# Wire noise



## dunloy (Dec 15, 2009)

I got two geo boilers at 220v 50 amp wired with #6 in one inch EMT. And every time the units kick on the wire rattles in the pipe. The lenth of the run is 130 feet. Can anyone tell me how to stop the wire rattling in the pipe when the units kick on.


----------



## 480sparky (Sep 20, 2007)

Install a soft start.


----------



## jw0445 (Oct 9, 2009)

Put the last two feet in flex.


----------



## cdnelectrician (Mar 14, 2008)

What size are the compressors in the units? I am assuming you mean Geothermal heat pumps when you say "geo". As 480 said a softstarter would probably help.


----------



## dunloy (Dec 15, 2009)

cdnelectrician said:


> What size are the compressors in the units? I am assuming you mean Geothermal heat pumps when you say "geo". As 480 said a softstarter would probably help.

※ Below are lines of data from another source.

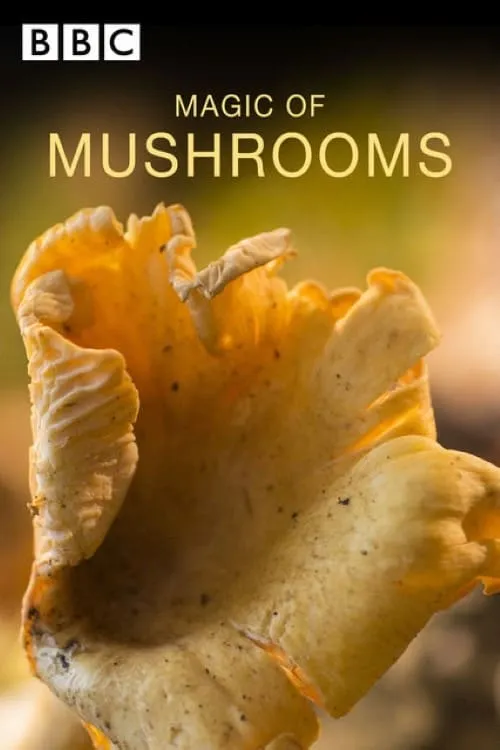 The Magic of Mushrooms (фильм)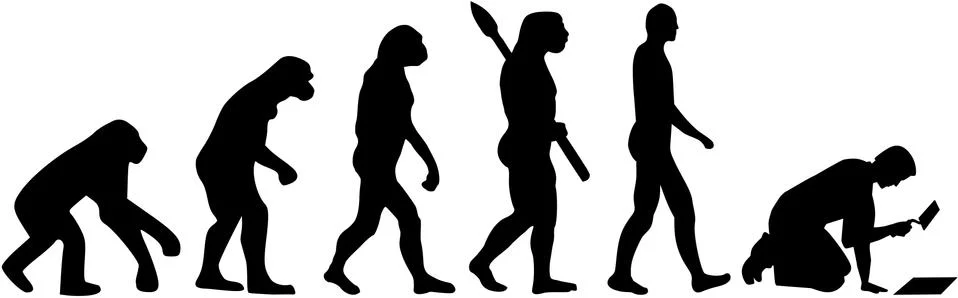 Tiler evolution Stockillustratie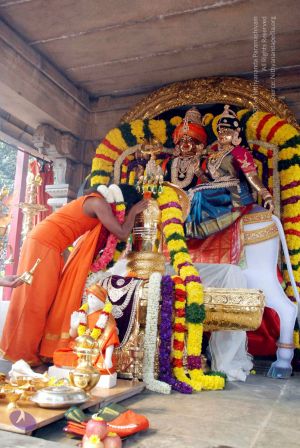 20091227DSC 6289 CMP WM00001000.jpg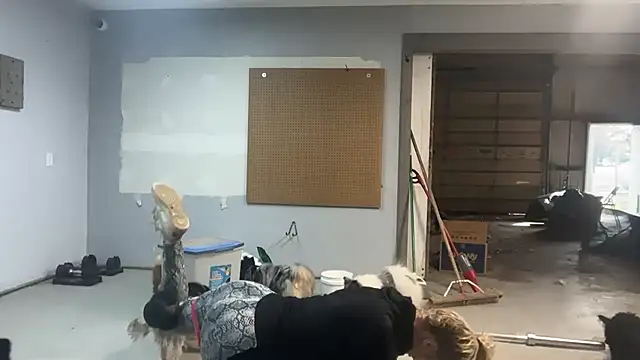 Snapshot of lanasharapovaxxx chatting on February 25, 2026, 9:02 pm lanasharapovaxxx online show from February 25, 2026, 9:02 pm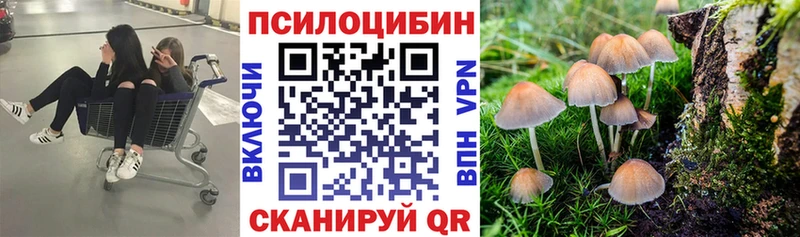 Галлюциногенные грибы GOLDEN TEACHER  как найти закладки  Наволоки 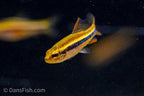 Black Morpho Tetra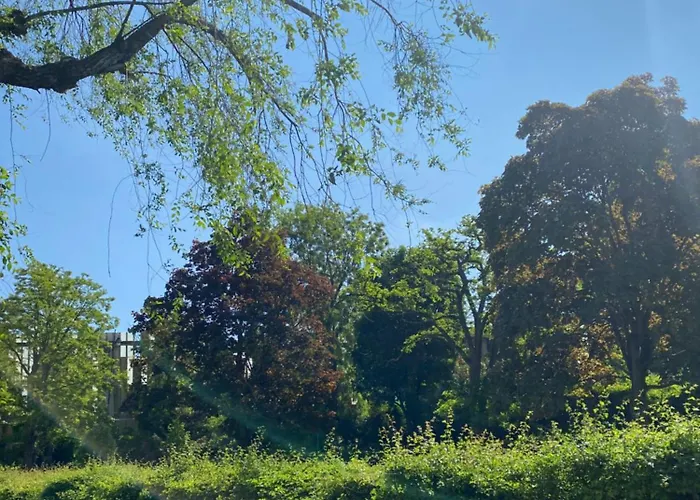 Maisons Alfort - Cosy Appartement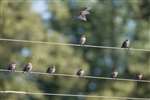 Starlings on wire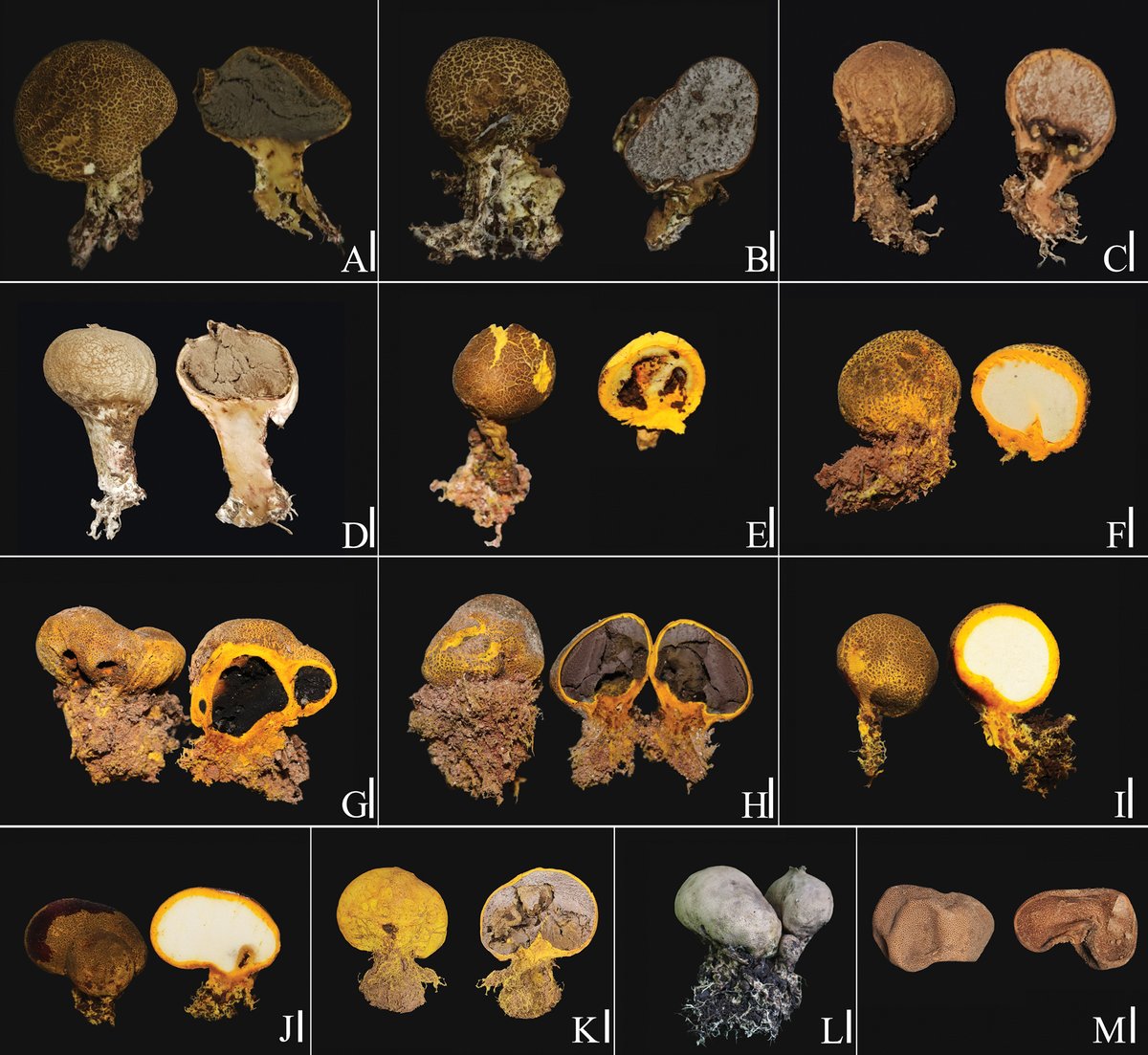 Three new species and one new record of 𝑆𝑐𝑙𝑒𝑟𝑜𝑑𝑒𝑟𝑚𝑎 are described from northern Thailand.

🔗 doi.org/10.3897/mycoke…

they are geothermal heat pumps and are 9 KW 39.2 amps do you know of a good make of a soft start


----------



## Toronto Sparky (Apr 12, 2009)

300% start up current does tend to rattle #6.


----------



## dunloy (Dec 15, 2009)

jw0445 said:


> Put the last two feet in flex.


i have. the noise is coming from the whole lenth of the run


----------



## wildleg (Apr 12, 2009)

use earplugs


----------



## dunloy (Dec 15, 2009)

480sparky said:


> Install a soft start.


do you know of a good make to use


----------



## drsparky (Nov 13, 2008)

Electromotive force will try to move the wires. A soft start will help. Depending on how they are routed in the panel the wires my be moving there too.


----------



## guest (Feb 21, 2009)

Repull the runs and twist the wires as you pull to make them like triplex. Will stop the noise but it's a lot of work (and you need to estimate extra length of the conductors to account for the twist.)


----------



## Southeast Power (Jan 18, 2009)

Install larger conductors, at least #3.........


----------